[Extracted entries — start]
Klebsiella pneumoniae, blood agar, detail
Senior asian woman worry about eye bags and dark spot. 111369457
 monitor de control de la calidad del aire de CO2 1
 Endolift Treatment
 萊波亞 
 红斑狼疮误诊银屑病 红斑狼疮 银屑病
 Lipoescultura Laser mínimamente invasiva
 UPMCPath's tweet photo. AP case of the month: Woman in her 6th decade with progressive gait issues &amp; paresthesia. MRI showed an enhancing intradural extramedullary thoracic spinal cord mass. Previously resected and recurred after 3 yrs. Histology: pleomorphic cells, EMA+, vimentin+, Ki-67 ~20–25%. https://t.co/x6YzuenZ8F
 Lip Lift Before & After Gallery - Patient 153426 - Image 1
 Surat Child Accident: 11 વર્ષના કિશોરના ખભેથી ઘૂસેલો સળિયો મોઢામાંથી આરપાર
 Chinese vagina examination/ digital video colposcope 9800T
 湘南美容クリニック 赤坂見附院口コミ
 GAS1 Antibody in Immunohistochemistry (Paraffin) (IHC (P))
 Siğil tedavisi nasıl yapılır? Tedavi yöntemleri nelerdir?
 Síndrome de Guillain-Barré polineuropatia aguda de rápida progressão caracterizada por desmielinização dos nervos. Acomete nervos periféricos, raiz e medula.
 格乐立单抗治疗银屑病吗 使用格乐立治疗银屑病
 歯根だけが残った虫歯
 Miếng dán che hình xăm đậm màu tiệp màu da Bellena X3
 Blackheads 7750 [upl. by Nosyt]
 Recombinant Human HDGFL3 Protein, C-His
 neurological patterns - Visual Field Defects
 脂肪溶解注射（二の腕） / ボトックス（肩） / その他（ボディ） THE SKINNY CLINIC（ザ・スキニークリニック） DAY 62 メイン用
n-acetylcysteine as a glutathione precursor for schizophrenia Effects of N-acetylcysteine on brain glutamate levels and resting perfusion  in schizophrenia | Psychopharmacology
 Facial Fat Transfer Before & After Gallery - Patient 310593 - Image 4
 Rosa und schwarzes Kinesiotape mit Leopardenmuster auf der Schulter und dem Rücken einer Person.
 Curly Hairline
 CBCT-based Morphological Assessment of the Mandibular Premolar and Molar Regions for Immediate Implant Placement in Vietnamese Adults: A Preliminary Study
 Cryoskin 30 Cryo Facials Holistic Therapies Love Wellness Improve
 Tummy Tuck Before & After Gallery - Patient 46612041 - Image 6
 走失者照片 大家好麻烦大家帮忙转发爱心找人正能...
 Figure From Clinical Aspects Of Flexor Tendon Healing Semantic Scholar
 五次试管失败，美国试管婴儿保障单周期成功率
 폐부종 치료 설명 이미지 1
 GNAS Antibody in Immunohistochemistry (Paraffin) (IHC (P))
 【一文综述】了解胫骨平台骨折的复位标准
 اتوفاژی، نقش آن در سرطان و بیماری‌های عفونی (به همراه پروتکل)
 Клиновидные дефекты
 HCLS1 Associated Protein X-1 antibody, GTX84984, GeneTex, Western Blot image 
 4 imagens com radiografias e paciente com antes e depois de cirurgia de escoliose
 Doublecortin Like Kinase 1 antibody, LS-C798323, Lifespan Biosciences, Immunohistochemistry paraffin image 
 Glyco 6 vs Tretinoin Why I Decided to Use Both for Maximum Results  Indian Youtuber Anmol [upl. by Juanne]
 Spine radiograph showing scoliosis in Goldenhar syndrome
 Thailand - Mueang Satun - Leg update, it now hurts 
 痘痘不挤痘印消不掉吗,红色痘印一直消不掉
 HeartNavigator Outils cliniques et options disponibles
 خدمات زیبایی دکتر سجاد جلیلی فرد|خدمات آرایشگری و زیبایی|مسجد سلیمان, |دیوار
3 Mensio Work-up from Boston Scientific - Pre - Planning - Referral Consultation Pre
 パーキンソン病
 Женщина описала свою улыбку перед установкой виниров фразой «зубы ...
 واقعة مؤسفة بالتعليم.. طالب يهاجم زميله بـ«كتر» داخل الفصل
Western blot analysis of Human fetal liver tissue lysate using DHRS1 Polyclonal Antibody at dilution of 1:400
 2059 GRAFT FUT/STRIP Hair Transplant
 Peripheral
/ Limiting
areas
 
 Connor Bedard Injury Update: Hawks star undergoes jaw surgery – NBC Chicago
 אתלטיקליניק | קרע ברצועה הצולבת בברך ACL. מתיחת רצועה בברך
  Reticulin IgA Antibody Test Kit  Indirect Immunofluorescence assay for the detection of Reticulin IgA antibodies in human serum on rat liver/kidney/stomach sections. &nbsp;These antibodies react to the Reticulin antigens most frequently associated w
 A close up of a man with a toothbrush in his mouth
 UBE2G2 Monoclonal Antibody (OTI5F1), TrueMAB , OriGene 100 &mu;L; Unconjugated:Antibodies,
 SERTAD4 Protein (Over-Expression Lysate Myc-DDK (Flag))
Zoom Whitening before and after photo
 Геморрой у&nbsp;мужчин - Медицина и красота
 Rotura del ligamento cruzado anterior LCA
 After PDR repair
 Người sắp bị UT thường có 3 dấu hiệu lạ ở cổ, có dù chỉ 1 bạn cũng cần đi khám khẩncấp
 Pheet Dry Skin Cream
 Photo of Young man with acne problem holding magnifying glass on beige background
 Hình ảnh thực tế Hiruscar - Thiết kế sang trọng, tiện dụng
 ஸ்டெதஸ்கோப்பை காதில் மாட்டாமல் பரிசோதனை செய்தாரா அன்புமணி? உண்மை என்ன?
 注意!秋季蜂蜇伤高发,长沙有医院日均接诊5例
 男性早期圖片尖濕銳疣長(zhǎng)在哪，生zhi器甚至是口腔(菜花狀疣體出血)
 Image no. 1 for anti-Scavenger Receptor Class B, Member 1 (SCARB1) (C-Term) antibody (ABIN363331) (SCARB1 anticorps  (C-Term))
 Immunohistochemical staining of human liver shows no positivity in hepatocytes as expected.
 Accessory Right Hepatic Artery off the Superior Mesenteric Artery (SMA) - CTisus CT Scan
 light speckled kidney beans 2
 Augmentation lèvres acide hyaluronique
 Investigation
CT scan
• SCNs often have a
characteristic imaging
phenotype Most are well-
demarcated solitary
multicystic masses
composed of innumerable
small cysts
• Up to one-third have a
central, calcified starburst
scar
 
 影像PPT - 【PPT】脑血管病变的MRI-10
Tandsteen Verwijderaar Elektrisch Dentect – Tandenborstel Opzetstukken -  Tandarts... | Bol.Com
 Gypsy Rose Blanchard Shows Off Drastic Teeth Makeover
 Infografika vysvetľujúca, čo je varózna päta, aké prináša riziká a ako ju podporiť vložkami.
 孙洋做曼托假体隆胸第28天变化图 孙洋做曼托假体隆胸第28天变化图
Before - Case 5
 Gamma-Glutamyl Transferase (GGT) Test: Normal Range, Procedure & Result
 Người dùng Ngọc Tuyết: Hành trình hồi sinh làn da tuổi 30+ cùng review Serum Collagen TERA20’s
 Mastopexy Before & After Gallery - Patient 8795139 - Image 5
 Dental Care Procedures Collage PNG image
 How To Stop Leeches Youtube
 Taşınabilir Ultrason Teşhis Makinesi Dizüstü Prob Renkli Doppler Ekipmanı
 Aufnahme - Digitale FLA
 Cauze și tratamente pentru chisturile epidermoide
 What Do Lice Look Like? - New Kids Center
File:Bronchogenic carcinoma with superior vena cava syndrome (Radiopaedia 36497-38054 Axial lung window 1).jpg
[Extracted entries — finish]
* Exercise directions
Every line holding the word "Like" should be copied out of the records above.

* Answer space
 Doublecortin Like Kinase 1 antibody, LS-C798323, Lifespan Biosciences, Immunohistochemistry paraffin image 
 What Do Lice Look Like? - New Kids Center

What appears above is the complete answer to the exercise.